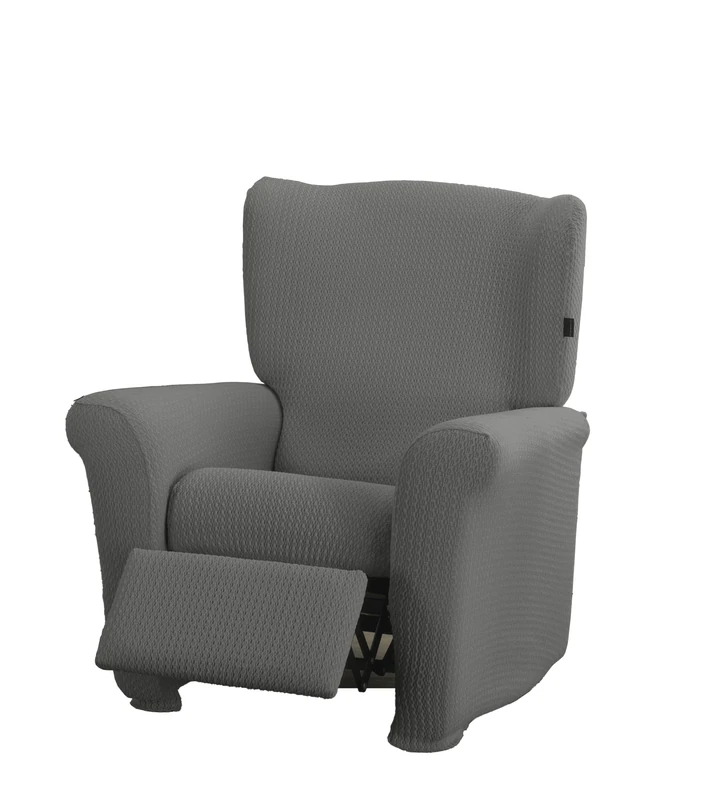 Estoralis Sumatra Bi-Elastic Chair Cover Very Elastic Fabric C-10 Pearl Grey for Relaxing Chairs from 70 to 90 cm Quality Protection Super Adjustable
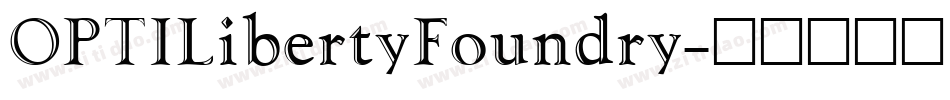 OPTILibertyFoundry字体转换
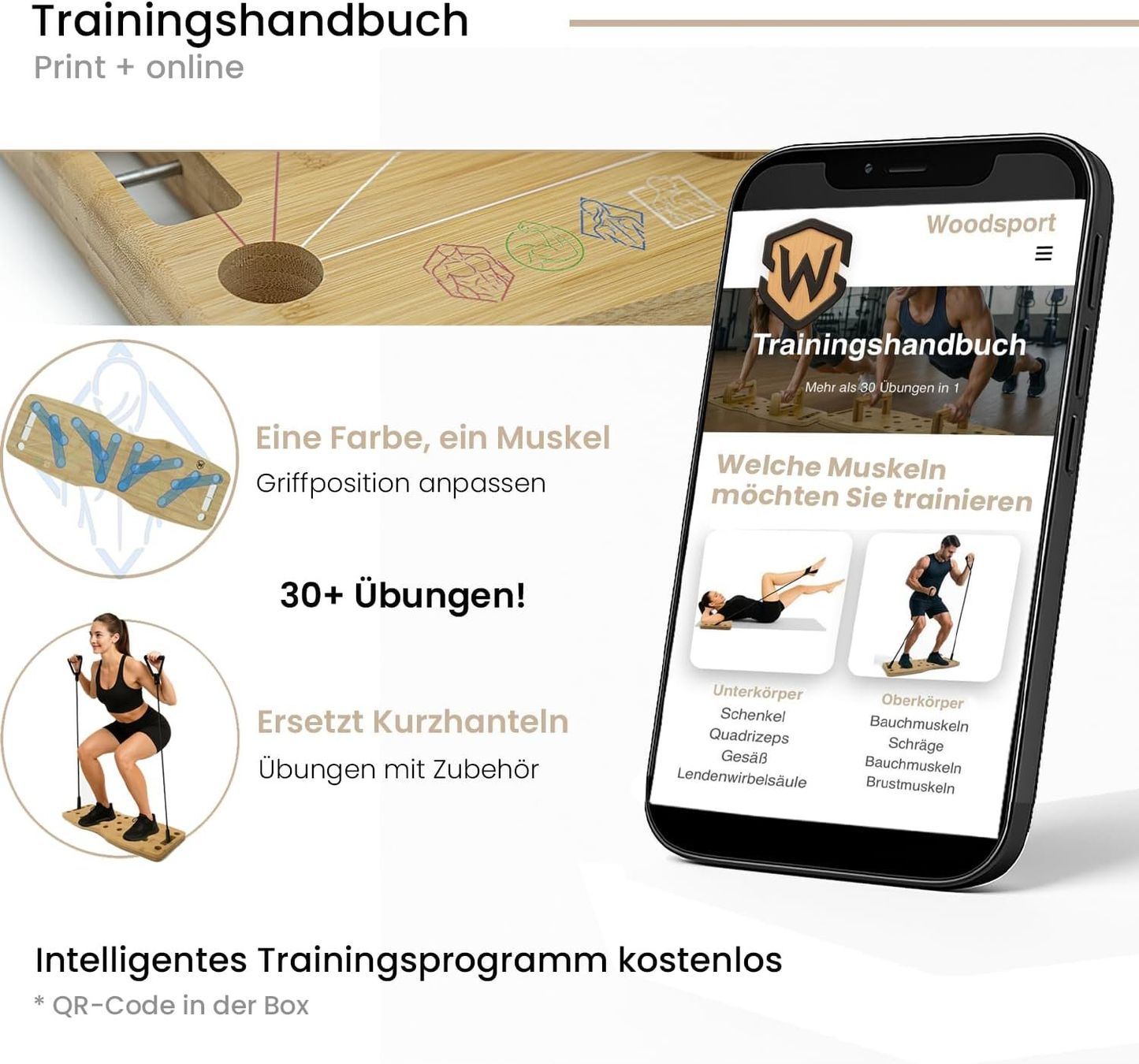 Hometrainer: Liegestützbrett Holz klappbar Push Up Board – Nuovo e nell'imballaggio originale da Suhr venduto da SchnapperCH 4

> Problem to solve
Your answer must be the full listing, word for word, minus any images.

> Answer box
 Estoralis Sumatra Bi-Elastic Chair Cover Very Elastic Fabric C-10 Pearl Grey for Relaxing Chairs from 70 to 90 cm Quality Protection Super Adjustable
 OPTILibertyFoundry字体转换
 Hometrainer: Liegestützbrett Holz klappbar Push Up Board – Nuovo e nell'imballaggio originale da Suhr venduto da SchnapperCH 4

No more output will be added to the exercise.